Troy VI, the next major period of the citadel’s history, encompassed a significantly greater area than its predecessors: again a rough circle, but now with a diameter of nearly 200m. Much has been destroyed, but we can appreciate the improved quality of the construction in certain surviving sections. The walls are particularly striking. The east wall, tower, and baffle gateway are the first features that greet the modern visitor. The walls are tall, their stone foundations surviving to a height of some 9m in places, fortified with massive towers 8m square. The stones are somewhat larger than in the Troy II walls, and they are now well cut and placed without mortar in fairly regular courses. As in earlier walls, the exterior face slopes outward as it descends. In addition, the wall face frequently juts out slightly in vertical offsets that serve to alter the direction of the wall, perhaps simply a handsome elaboration of a continuously curving wall. As usual, the superstructure would have been made of mud brick, now disappeared.
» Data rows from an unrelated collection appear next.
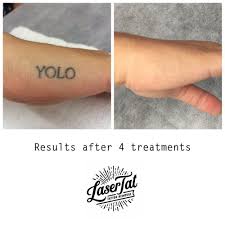 At cascade's laser tattoo removal center, we researched the latest technological lasers in great our goal is to remove your tattoo in the fewest treatments possible. Lasertat Tattoo Removal Adelaide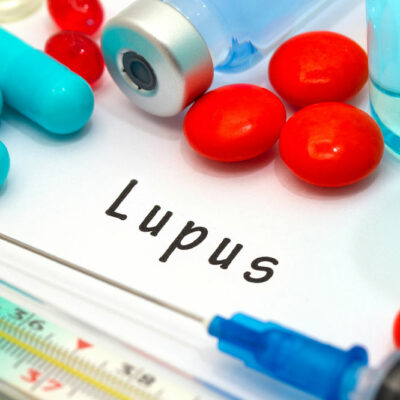 Avoid These 12 Triggers to Manage Lupus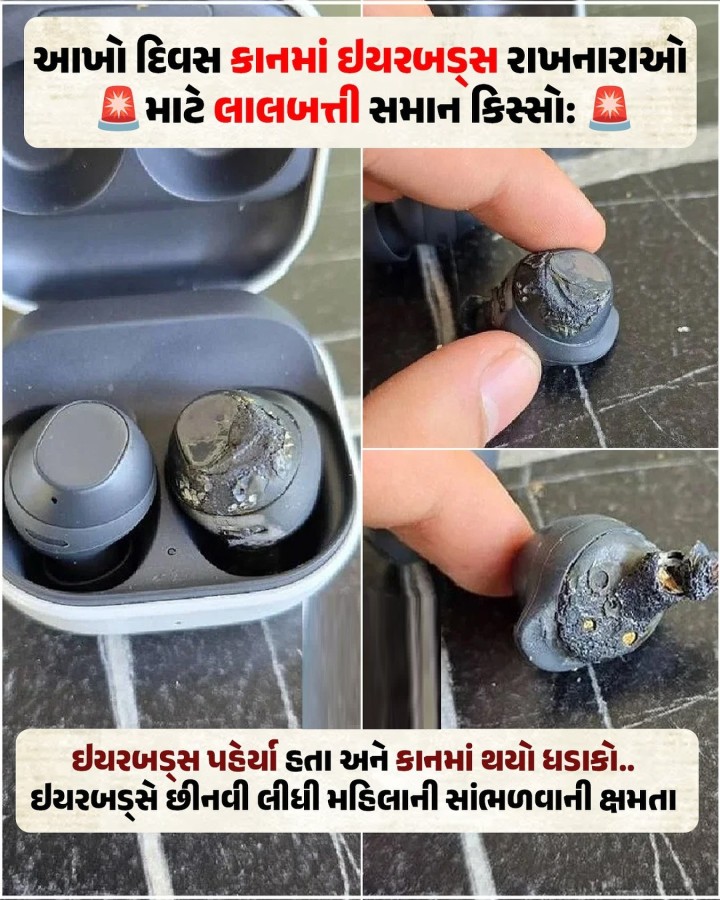 મહિલાના વાયરલેસ ઇયરફોન્સ અચાનક ફાટ્યા, જેના કારણે તેણે કાયમી બહેરાશનો સામનો કરવો પડ્યો.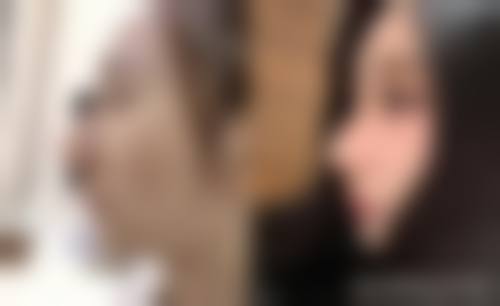 深圳甄颜医疗美容门诊部价格收费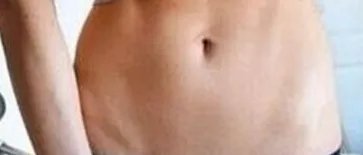 腹部抽脂的价格贵吗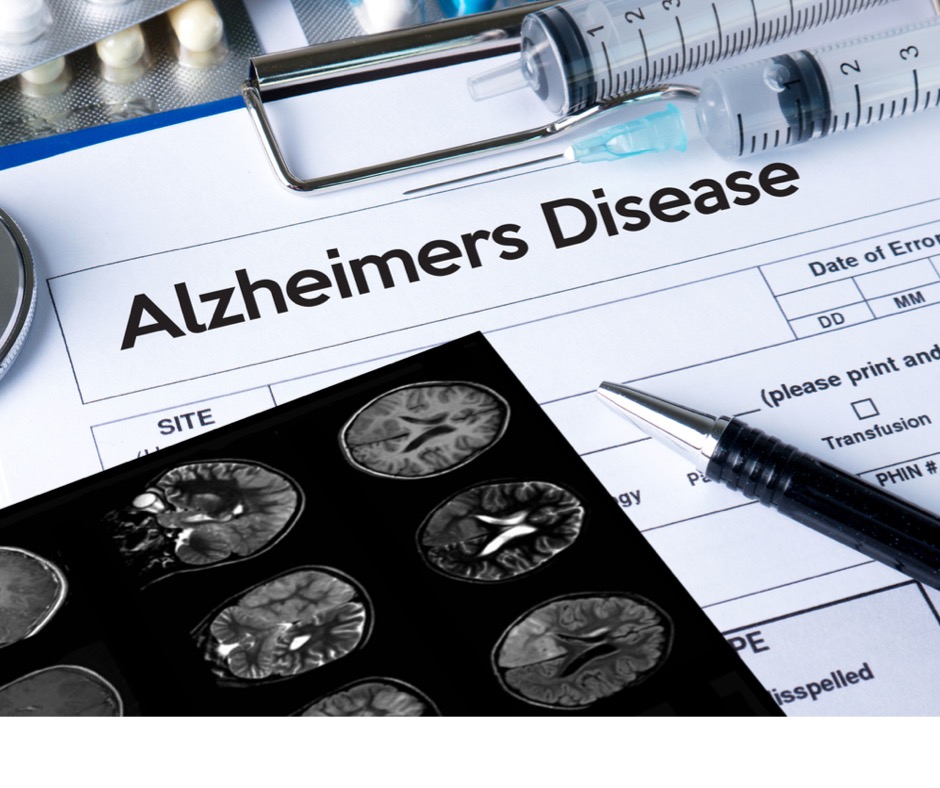 Is there a link between High Cholesterol and Alzheimer's Disease?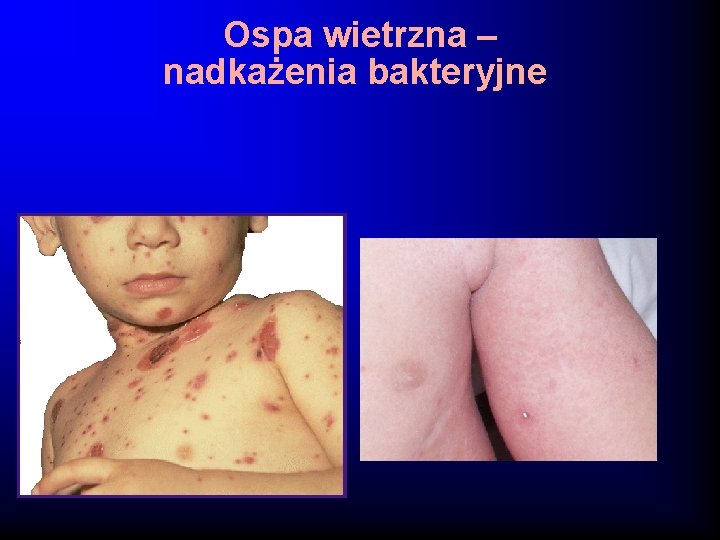 Ospa wietrzna – nadkażenia bakteryjne 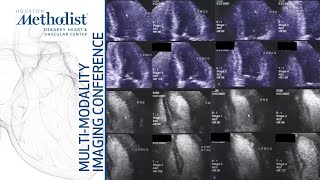 The Role of Stress Echocardiography Ischemia Evaluation amp Beyond M Quinones MD December 14 2021 [upl. by Ylsew525]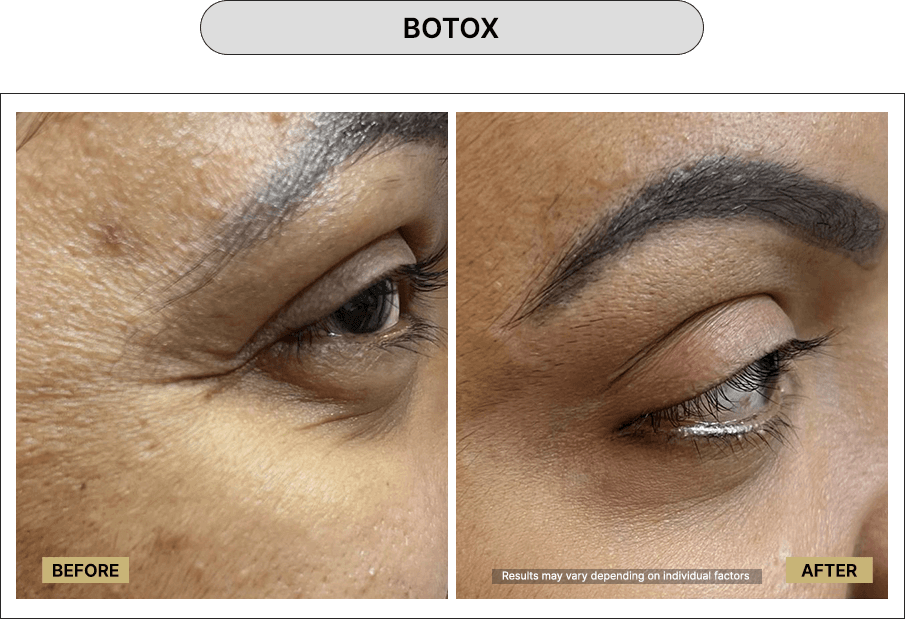 Botox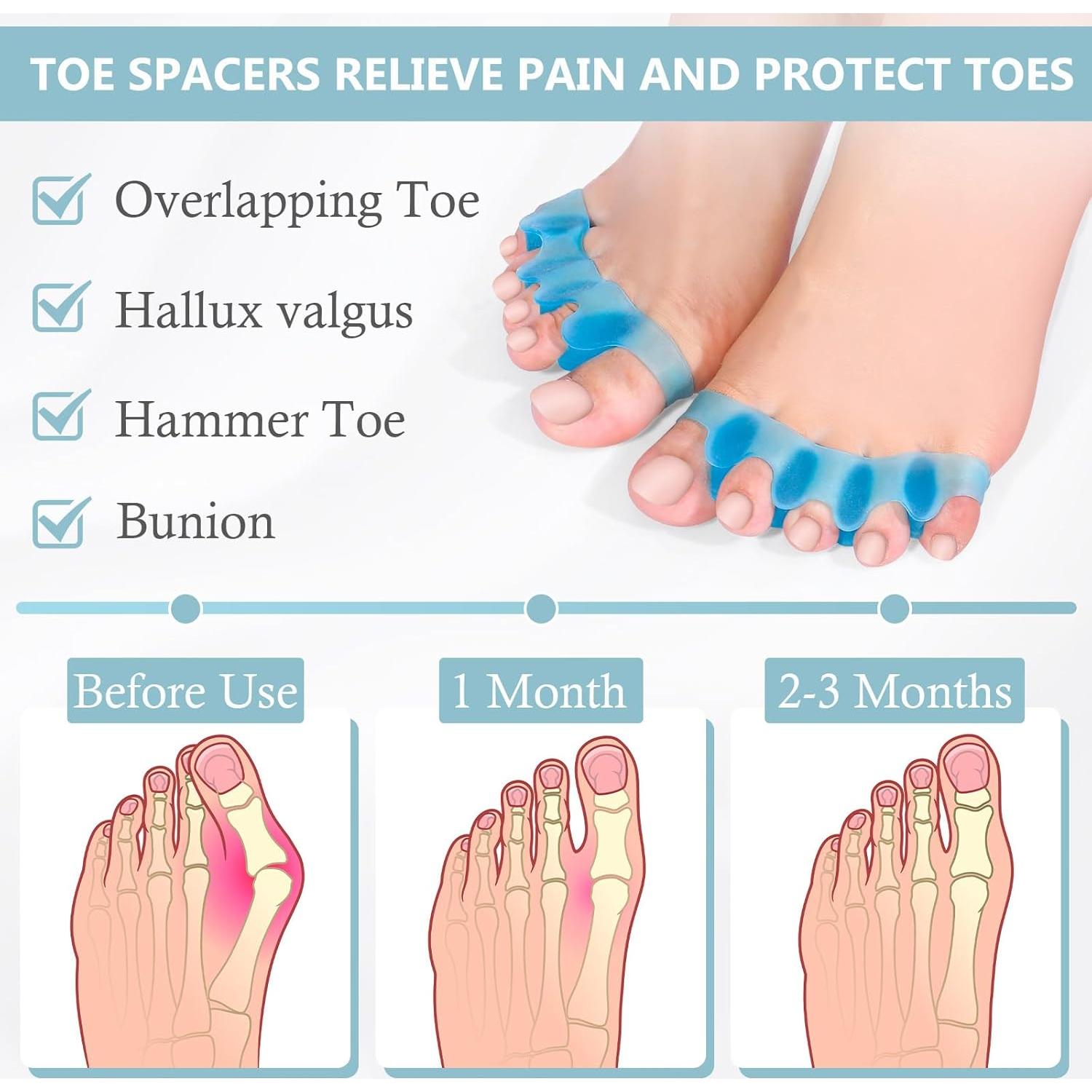 Separadores de Dedos de Silicona Sundpik - 2 Piezas Azul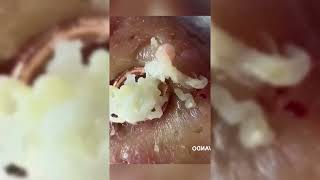 Satisfying Blackhead Removal Clear Skin Transformation Part 01 [upl. by Alyn297]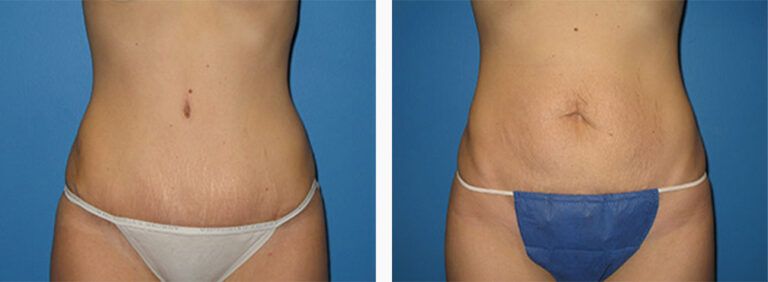 Abdominoplasty-Case-26-1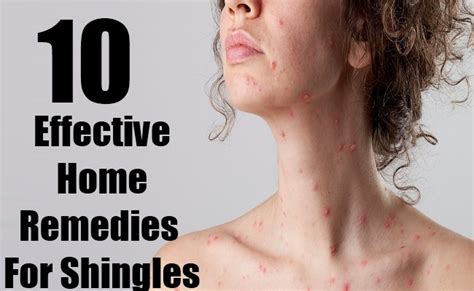 10 Home Remedies For Shingles Morelia Medical Clinic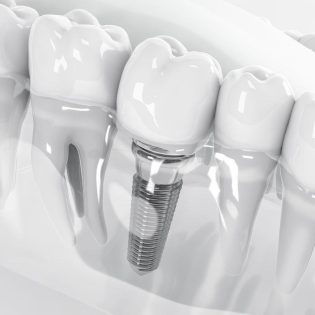 2dental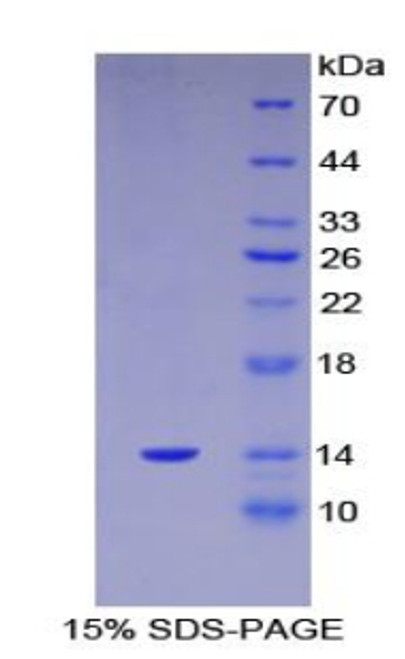 Human Recombinant S100 Calcium Binding Protein A11 (S100A11)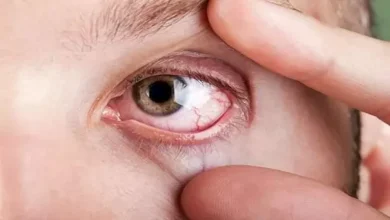 صورة تظهر في العين.. أعراض تكشف ارتفاع نسبة الكوليسترول بشكل خطير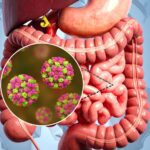What is Norovirus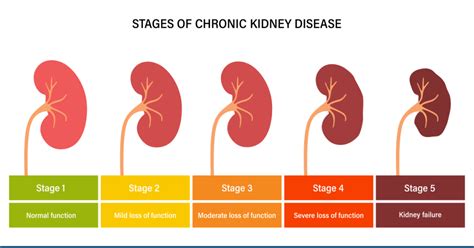 How long does it take to go from stage 4 to stage 5 kidney disease?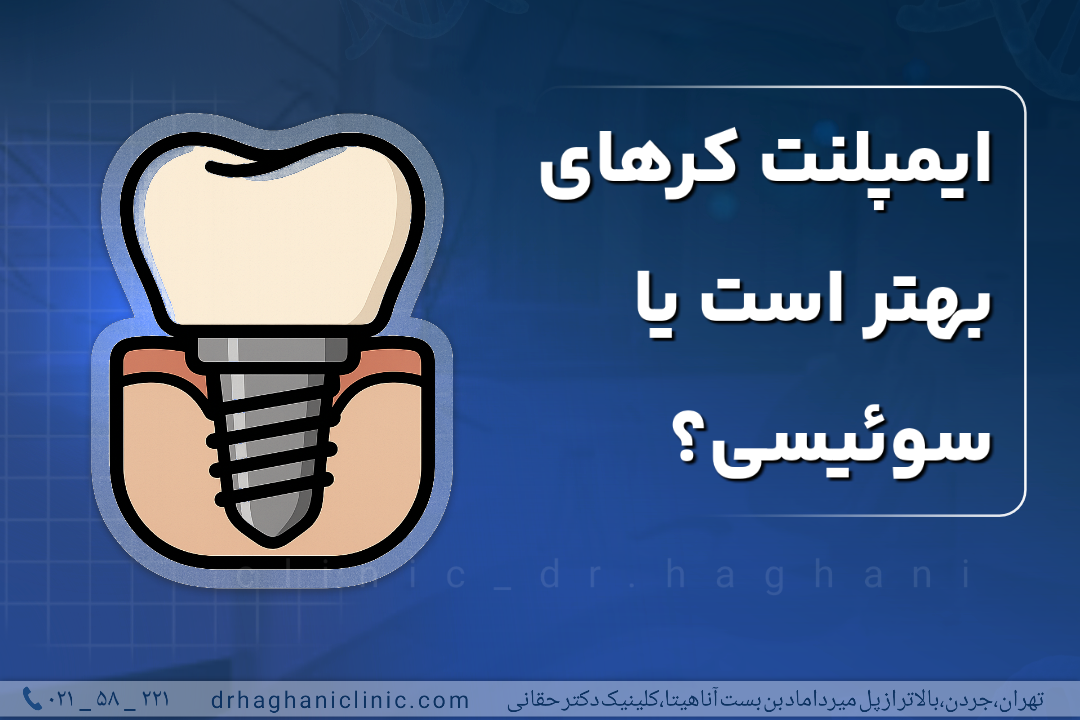 ایمپلنت کرهای بهتر است یا سوئیسی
The baffle entry on the north-east provides good defense. The wall reaches out to the east, overlapping the continuation of the wall to the south. The entryway runs between the parallel stretches of wall, creating a corridor which soldiers could patrol from above on both sides. In contrast, the badly ruined South Gate, the main entrance to the citadel, has a simple plan: just an open passage 3.30m wide within the wall, with a tower eventually added at one side. A paved street ran uphill from the gate.
The center of Troy VI was destroyed by later Classical builders and by early excavations. Had there been a palace, it must have stood there, on that commanding spot. Some houses or buildings have survived on the fringes; a striking example is the so-called Pillar House. As in Troy II, these buildings are generally freestanding, brick walls (now gone) on stone foundations. Wooden beams were occasionally used as reinforcements. Different and very interesting is the slight trapezoidal shape of many of these houses. Apparently oriented toward a central point in the citadel, the side walls of the houses are not parallel but converge slightly toward the center of the mound. The other two sides of a house, perpendicular to the converging sides, are parallel. The purpose of such planning is unclear. Perhaps, as Dorpfeld suggested, builders intended to maintain the even width of paths leading into the citadel. But the surviving ground plan of Troy VI, not particularly regular, does not substantiate Dorpfeld’s thesis.